Court of Appeal for Ontario
Huscroft, Thorburn and Dawe JJ.A.
Between
His Majesty the King
Respondent
and
James Labelle
Appellant
Counsel:
Mark C. Halfyard, for the appellant
Kelvin Ramchand and Scott Wheildon, for the respondent
Heard: April 22, 2026
On appeal from the convictions entered by Justice Susan Healey of the Superior Court of Justice, on October 14, 2022.
Thorburn J.A.:
OVERVIEW
1The appellant, James Labelle, was arrested in a high-risk takedown at the conclusion of a drug investigation. His vehicle and residence were searched and large quantities of cocaine and other illegal drugs were found. The appellant sought to exclude this evidence, claiming breaches of his ss. 7, 10(a) and 10(b) Charter rights.
2The trial judge held that the police did not use excessive force in arresting the appellant and there was no delay in advising him of his right to remain silent or his right to counsel. However, she found there was a delay in implementing his right to counsel, and that he was not adequately informed of the extent of his jeopardy before his police interview at the station. She therefore excluded the appellant’s police interview but refused to exclude the evidence seized after police searched his home, because she held that it was not obtained pursuant to the Charter infringement.
3The appellant was convicted of three counts of possession of a Schedule I substance for the purpose of trafficking under s. 5(2) of the Controlled Drugs and Substances Act, S.C. 1996, c. 19 and one count of possession of proceeds of crime over $5,000 under s. 354(1) of the Criminal Code, R.S.C. 1985, c. C-46. A global eight-year sentence was imposed.
4The appellant raises three grounds of appeal: (1) the trial judge erred in holding that the police exercised reasonable force in arresting him; (2) the trial judge engaged in impermissible after-the-fact reasoning regarding the alleged delay in advising him of his right to counsel; and (3) the trial judge erred in refusing to exclude evidence seized from the appellant’s residence pursuant to s. 24(2) of the Charter.
5For reasons that follow, I would dismiss the appeal.
BACKGROUND
6In April 2020, the police received information from confidential informants that the appellant was trafficking cocaine, fentanyl, and oxycodone pills from his vehicle. They then conducted several days of surveillance and observed the appellant meeting with drug users and suspected drug traffickers.
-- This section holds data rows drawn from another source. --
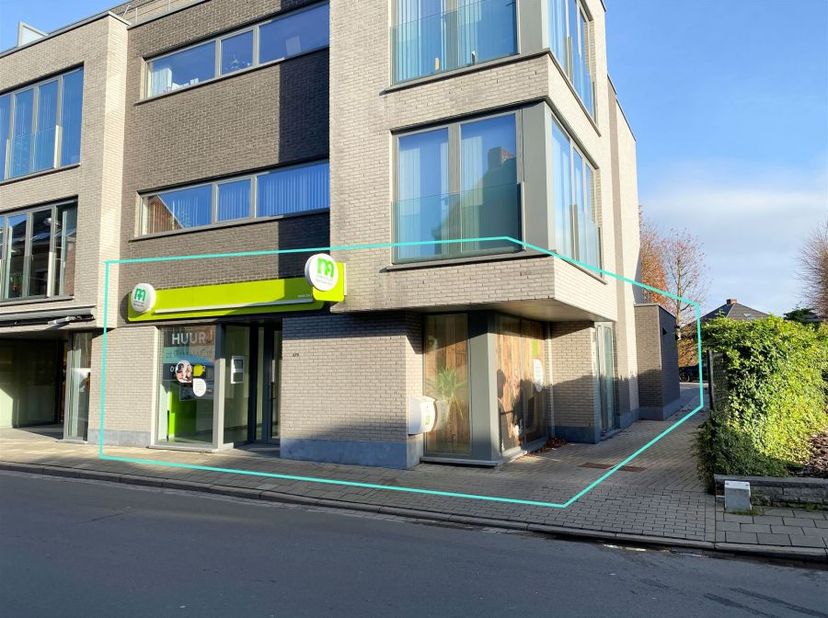 Bureau ou espace commercial idéalement situé au cœur de Sint-Katelijne-Waver<br />
<br />
--------<br />
niet opsplitsbaar<br />
<br />
a louer - Bure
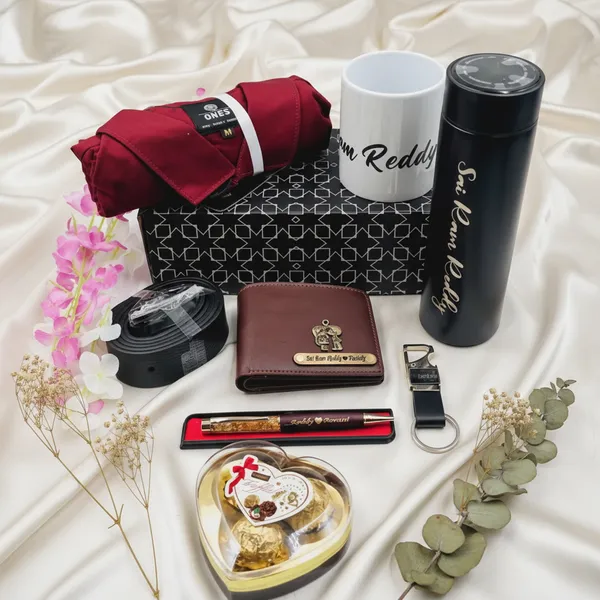 Personalized_Gift_Hamper_with_Shirt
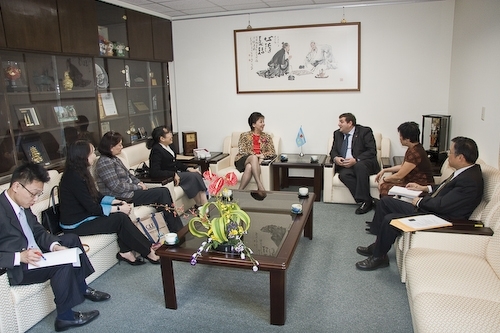 西班牙Huelva大學校長Dr. Francisco Jose Matinez Lopez及亞洲文化中心主任Dr. Grace Mun Man Shum蒞校訪問，研議兩校學術合作交流事宜。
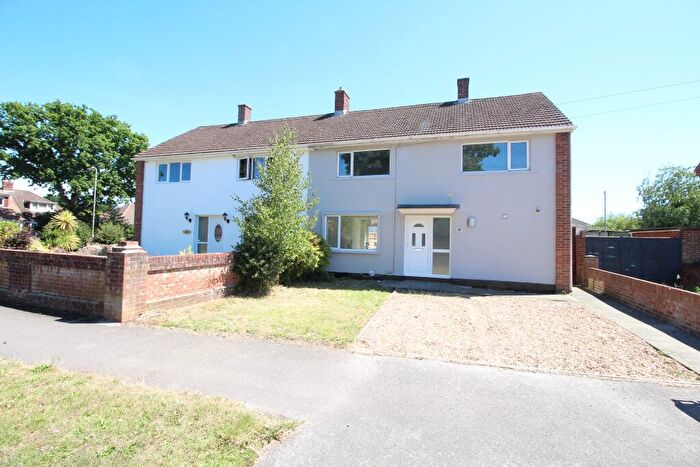 4 Bedroom Semi Detached House To Rent In Thorni Avenue, Fareham, PO15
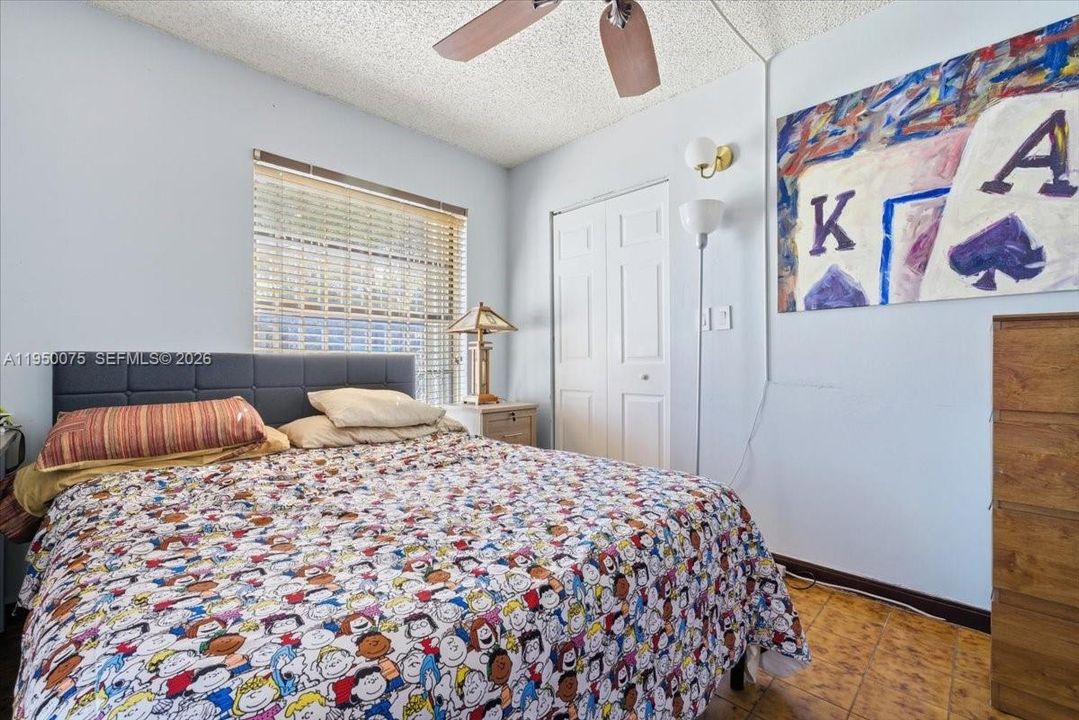 En Venta: $389,000 (3 camas, 2 baños, 1156 Pies cuadrados)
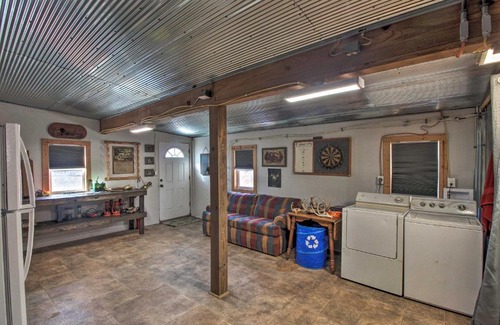Dawn Apartment | Top-Rated Pet-Friendly Getaway in Braymer Awaits You!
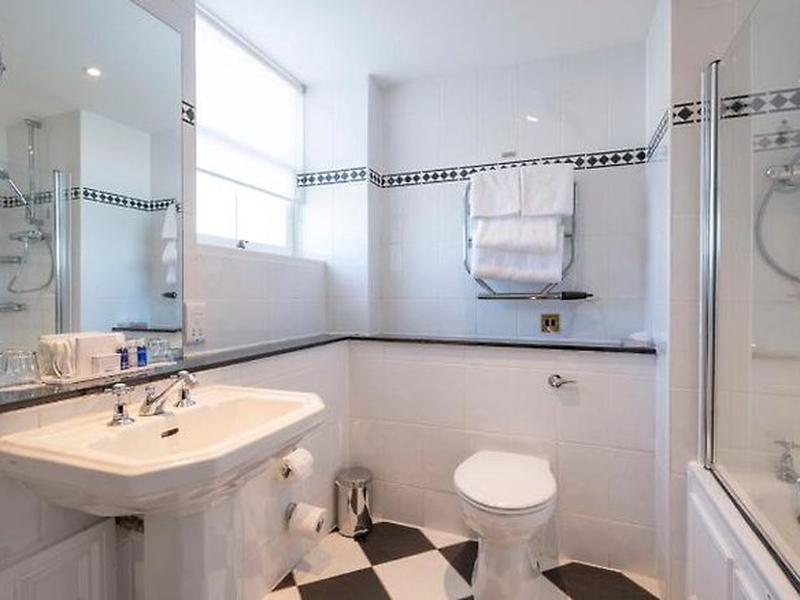 4F4EDF3FD3E034B3A254DA1CD14F9D3A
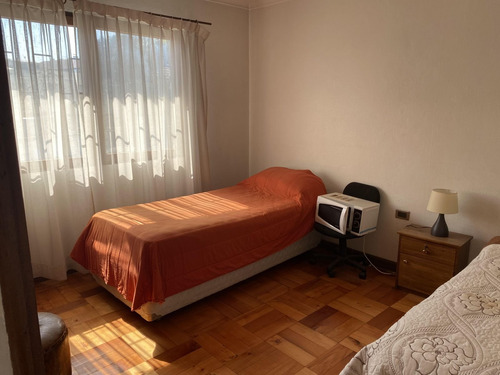Amplia Casa Con Gran Terreno A La Venta En Ñuñoa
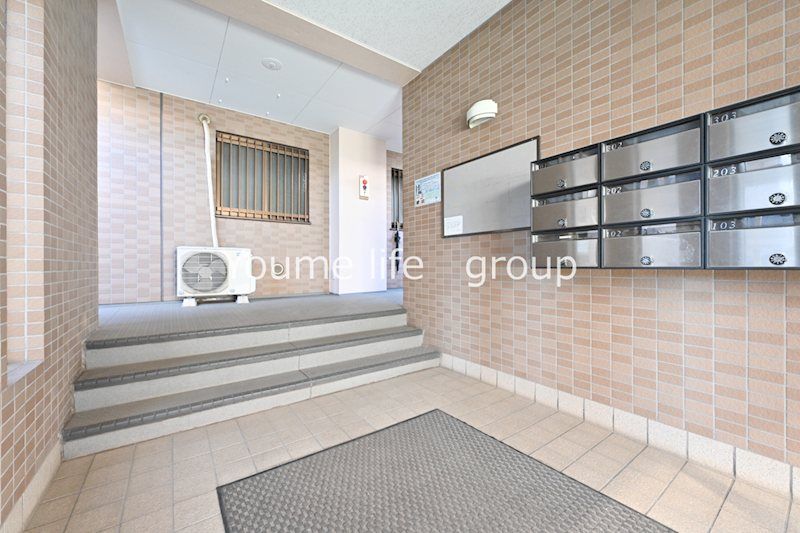 近くのしまむらストアーすみれ平店まで484m（徒歩7分）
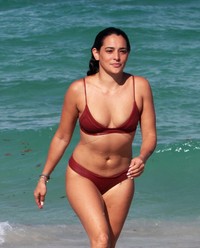 Natalie Martinez in Bikini on the Beach in Miami | Picture 1516495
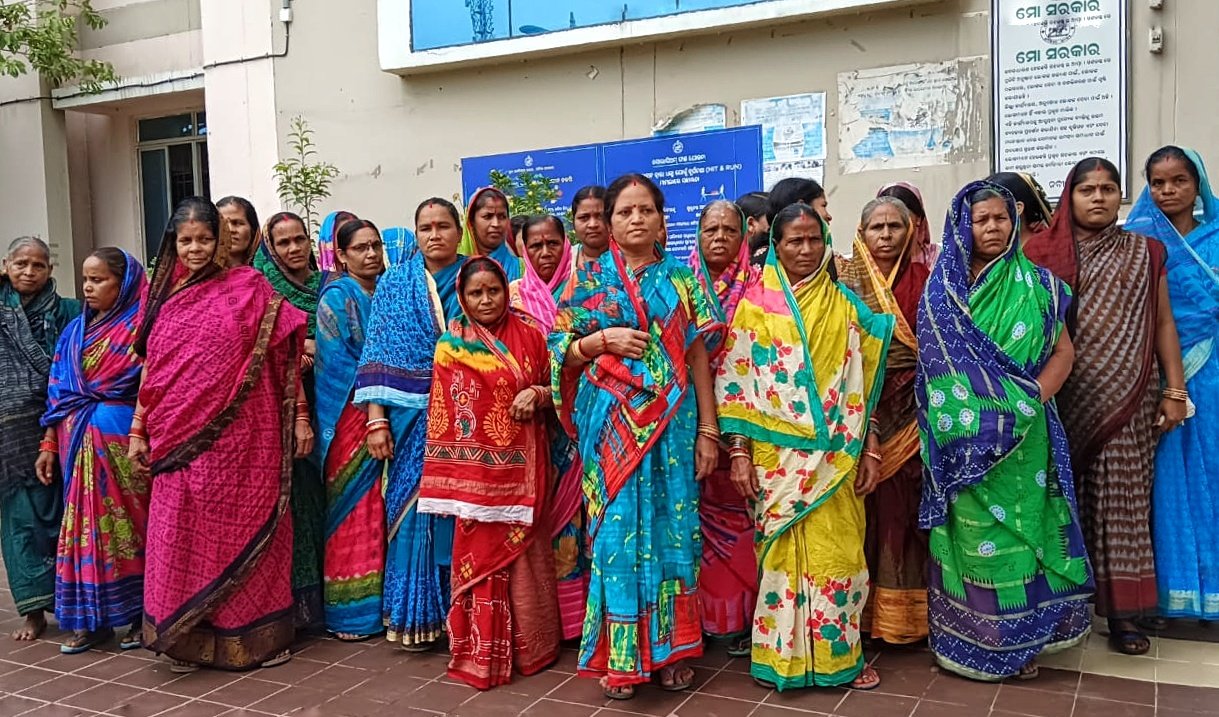 You are currently viewing ପାନୀୟ ଜଳ ଯୋଗାଣରେ ଅନିୟମିତତା: ଜିଲ୍ଲାପାଳଙ୍କ ଦ୍ଵାରସ୍ଥ ହେଲେ ବଅଁରପାଳ ଓ ଅନୁଗୁଳ ବ୍ଲକର ଶତାଧିକ ମହିଳା ଓ ପୁରୁଷ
7The police knew that the appellant had a criminal record including:
a) drug offences,
b) unlawful possession of a prohibited firearm; and
c) assault, assault causing bodily harm, and assault with a weapon which pre-dated the firearm conviction.
8The lead investigator authored and obtained a warrant to track the appellant’s movements through his cellphone and monitor incoming and outgoing transmission data. Police conducted additional surveillance for approximately two weeks using tracking and transmission data.
9By April 27, the lead investigator believed the appellant was trafficking illegal drugs and that illegal drugs would be found in his vehicle or his home.
10On April 28, a warrant was obtained to search the appellant’s vehicle and his home.
11The lead investigator decided to involve the Tactics and Rescue Unit (“TRU”), a specialized police force, to help plan the appellant’s arrest because of the appellant’s prior convictions. He also cited police records which showed that the appellant was the victim of an armed robbery in 2015 and a home invasion in 2016 during which intruders stole OxyContin. Given these factors, the police believed there might be some resistance to arrest.
12The TRU agreed to coordinate the appellant’s arrest and a plan was devised to arrest him away from his home for officer safety. Officers planned to execute the search warrant after the appellant was in custody.
Arrest
13On April 29, the appellant and his mother-in-law were stopped in the parking lot of a Tim Horton’s store. Six members of the TRU approached the vehicle, three stationed on each side. Several officers had their guns drawn. Two “distraction devices” were activated on the hood of the vehicle. The devices created a flash, a loud bang and smoke. Officers smashed the front driver, passenger, and rear side tinted windows of the vehicle. The appellant and his mother-in-law were arrested without injury.
14Officers testified that the arrest was effected sometime between 10:13 a.m. and 10:15 a.m.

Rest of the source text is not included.